Wednesday, April 04, 2007

Object oriented design

Simula 67 was the first object oriented language, and as it's name suggests was created in 1967. Since then many object oriented languages have been created, all with the purpose of easing software development and making it easier to write robust, maintainable, and flexible programs.

In the next few posts I will cover the fundamental principles of programming with objects and how to apply those principles while coding in real life situations.
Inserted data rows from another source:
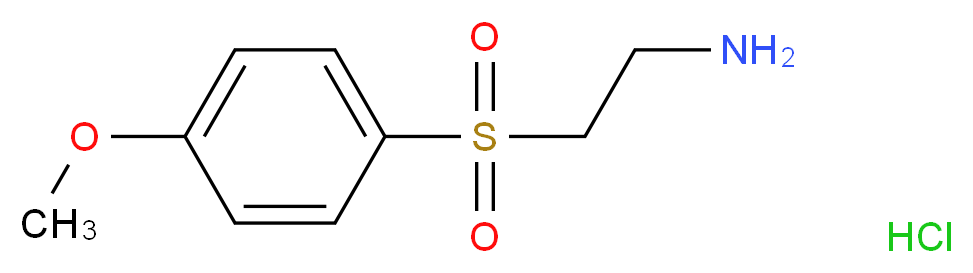 2-(4-Methoxy-benzenesulfonyl)-ethylamine hydrochloride_分子结构_CAS_)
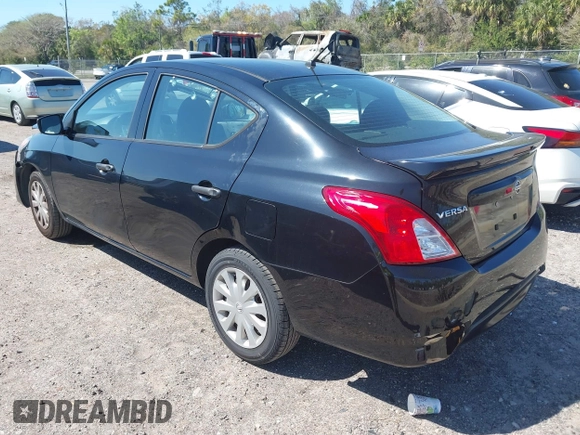 2016 Nissan Versa SV with VIN 3N1CN7AP5GL907975, listed as a IAAI auction lot 41775810 with 83,727 mi miles. Bid and sale history available at carsss.com. Image 3.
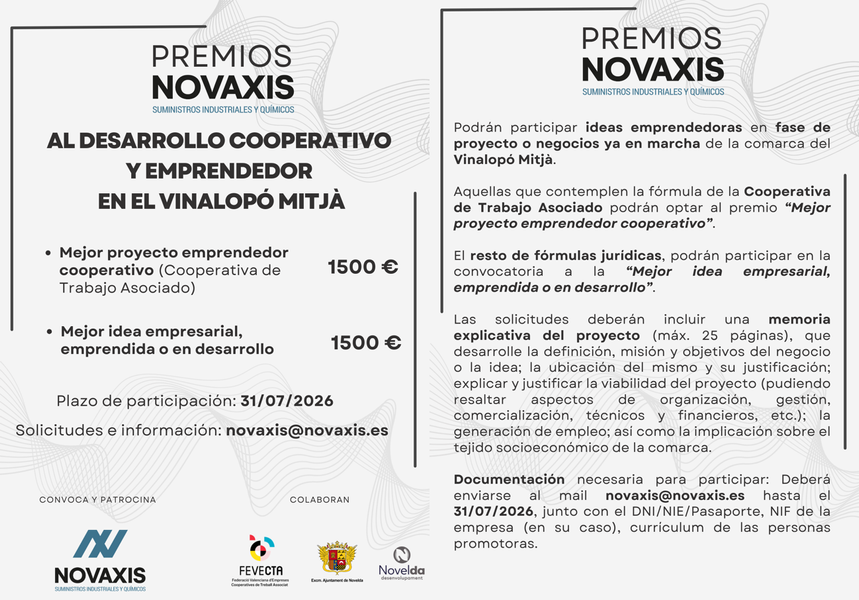 Premis al Desenvolupament Cooperatiu i Emprenedor del Vinalopó Mitjà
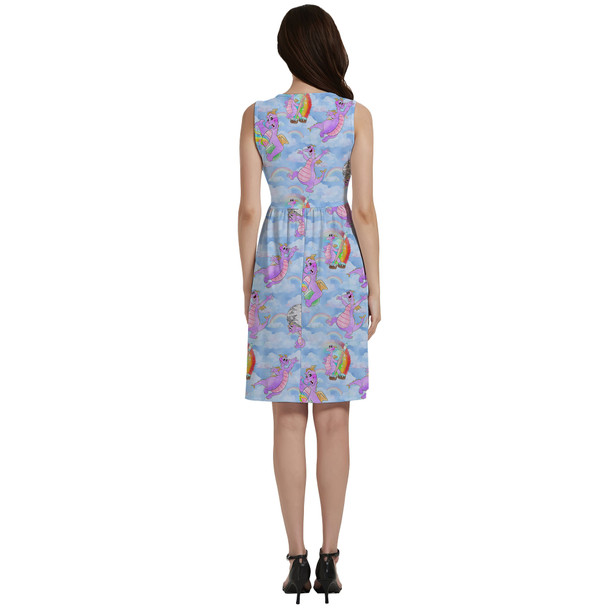 Button Front Pocket Dress - Imagine with Figment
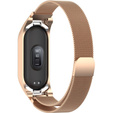 Браслет Milanese для Xiaomi Mi Band 7/7 NFC - Rose Gold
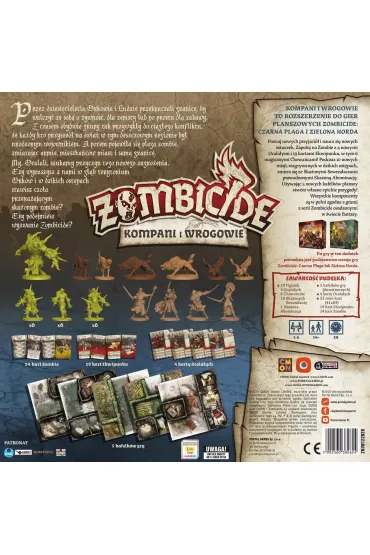 Zombicide. Kompani i Wrogowie Portal Games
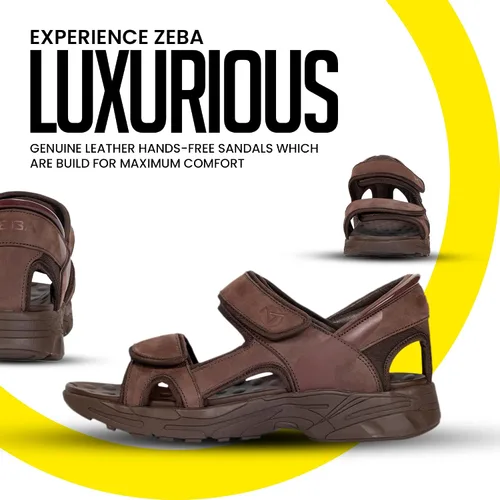 Vista 3 de Z Sandalias de cuero manos libres Zeba para hombre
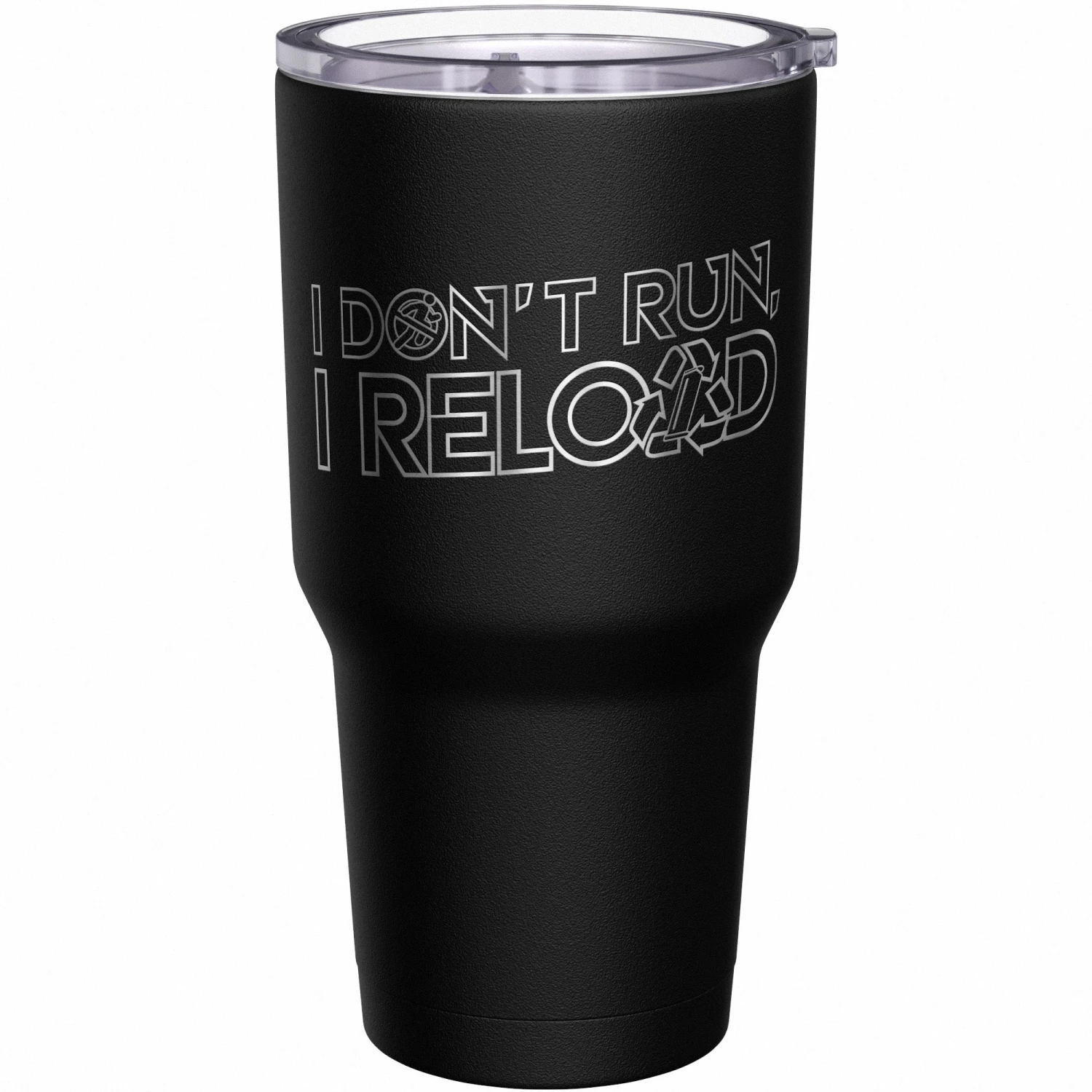 I Don't Run Stainless Steel Tumbler - Image 2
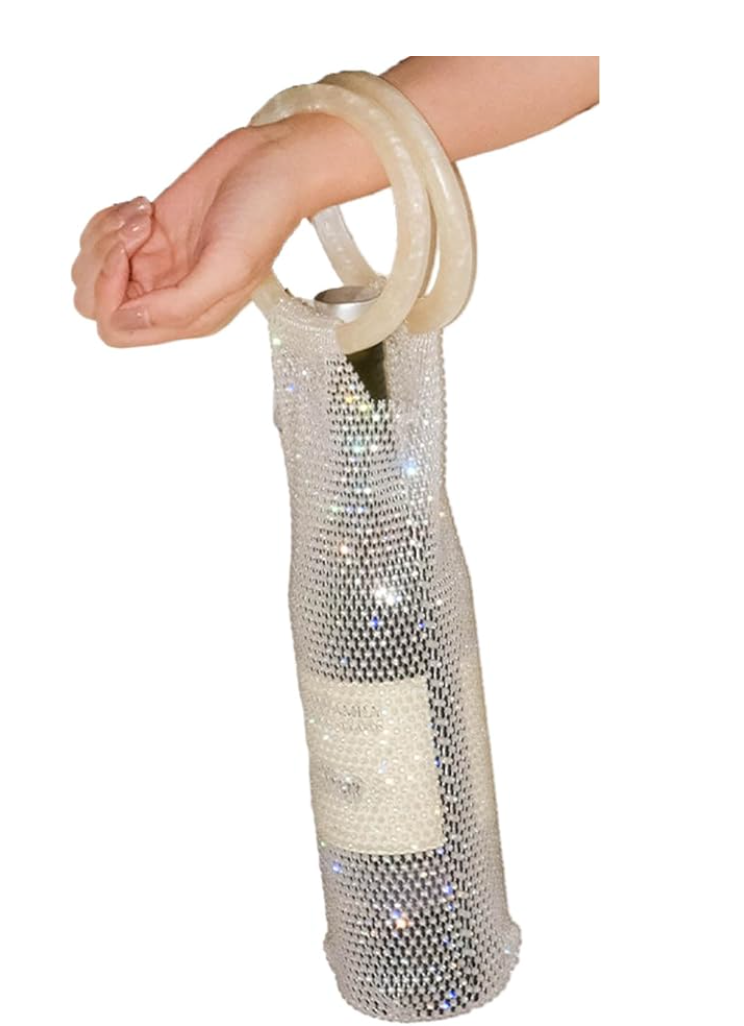 Sparkling Rhinestone Wine Tote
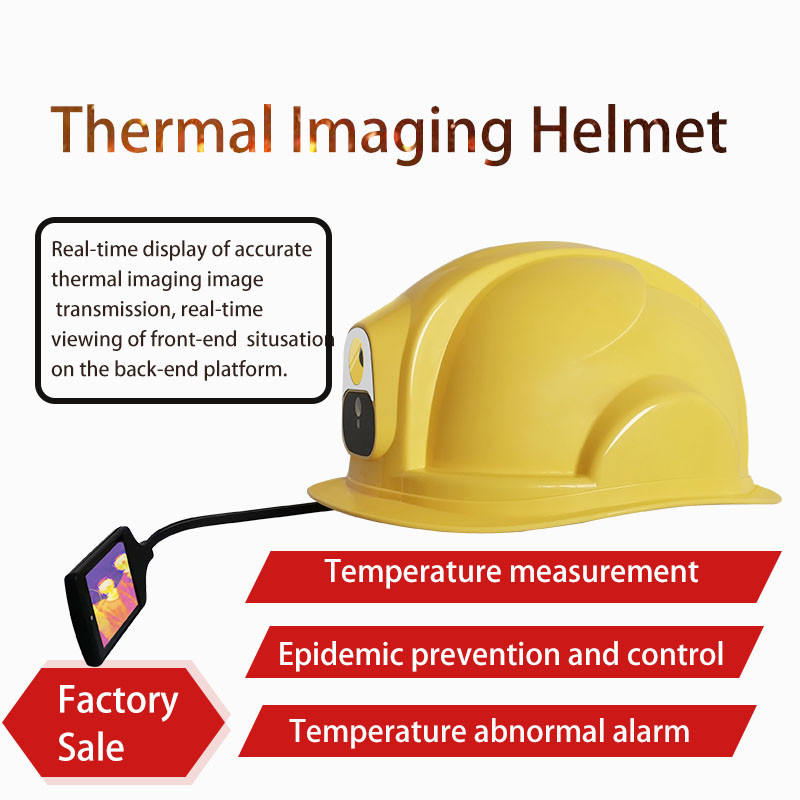 4G Smart Temperature Measuring Helmet Camera Android 7.1Bluetooth4.0 GPS Led Light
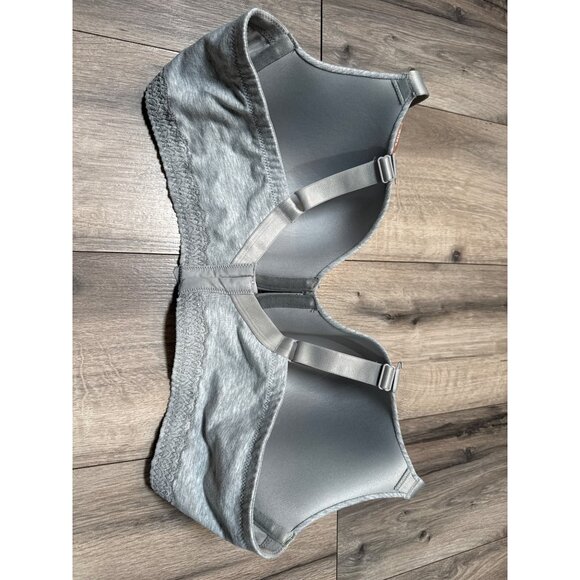 Womens Ambrielle Full Coverage Lightly Padded Gray Bra 42DD With Adjustable Stra - Picture 3 of 7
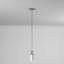 Luminaire suspendu en nickel brossé avec verre gravé Latitude Run Jaylisse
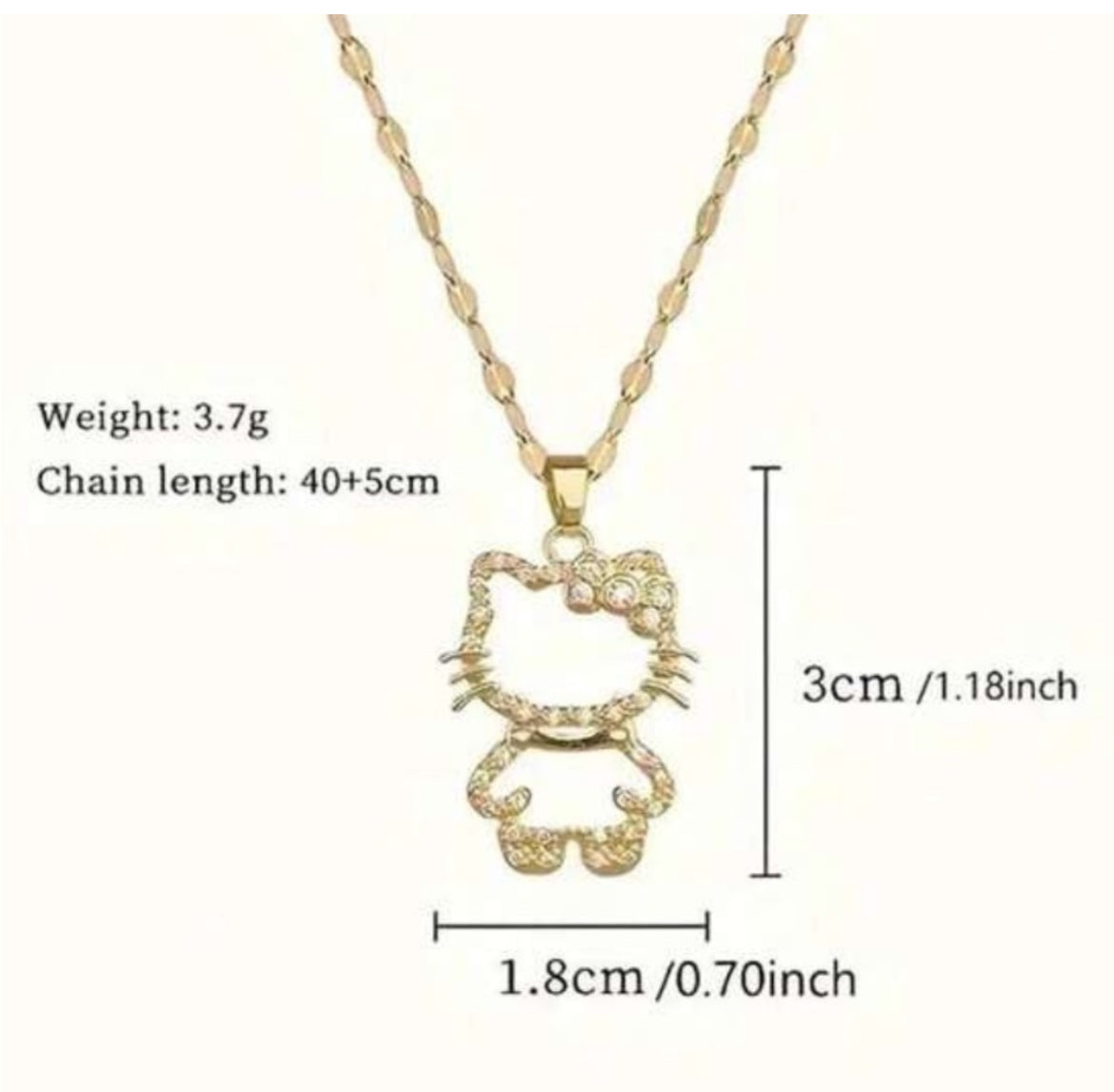 Hello Kitty Pendant Necklace
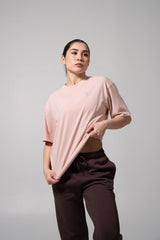 Thumbnail 2 of Essential Short Sleeve Tee - Strawberry Milk, 2 of 7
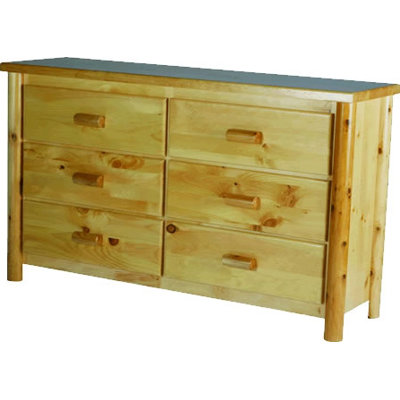 Moon Valley Rustic 6 Drawer Dresser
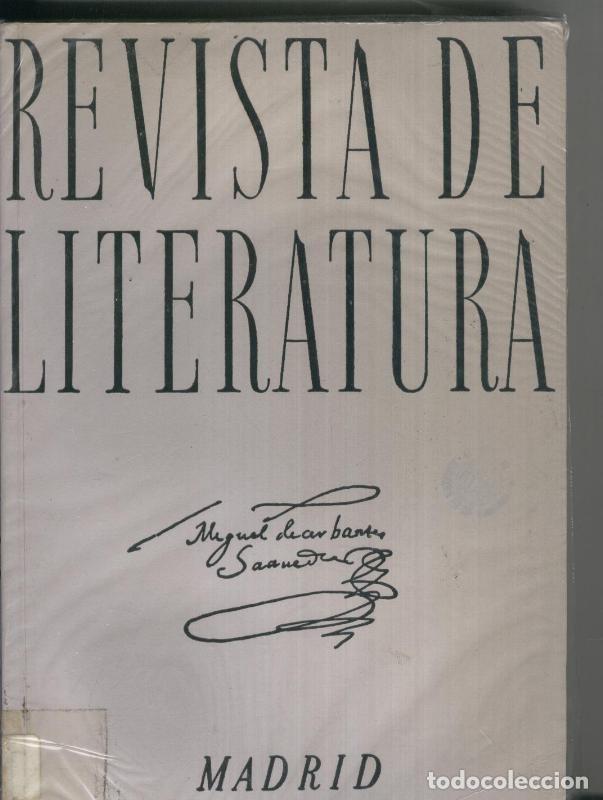 Sammeln von Zeitschriften und Zeitungen: Revista de Literatura.Tomo 53 - Varios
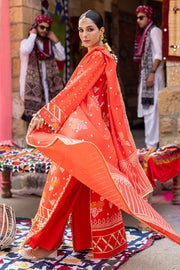 Gul Ahmed Chunri Printed Lawn Unstitched 3Pc Suit CL-52177 B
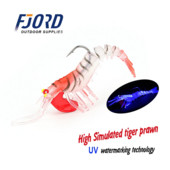 FJORD Hot Many Section Creveți Clasici Flexibili Creveți 6,5/12,5/17g Naluci de pescuit Nalucă moale Momeli bionice Cârlig de plumb Articol de pescuit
Remember, even though object orientation gives us constructs for writing maintainable programs, if we do not use them properly, the resulting code will probably be more unmaintainable than simple structured programs.

These are some of the topics that I will post about.

A quick refresher of object oriented principles

In this section we will once again refresh the basic concepts of abstraction, encapsulation, inheritance, and polymorphism. 

Translating requirements into system design

In this section we will understand how to identify classes and their relationships from a requirement specification.

Outcome of good design

This section explains good design and what we hope to achieve with well designed software.

Design principles

In this section we will discuss software design principles and best practices such "keep it simple", "do not repeat yourself", "loose coupling", "high cohesion", etc. We will discuss the principles as well as their practical implications. As of now this section covers some basic principles. Other principles like the ''open closed principle', 'Liskov substitution principle', etc, will be added in the next version of this course.


As always I would like to reiterate the importance of reflection and participation in the learning process. As you go ahead, spend a little time reflecting over the concepts, and also participate by asking questions, answering them, and posting your perspectives on the concepts.  I hope you find information useful. Your suggestions are very welcome, please let us know the things we should preserve, and the things we should improve.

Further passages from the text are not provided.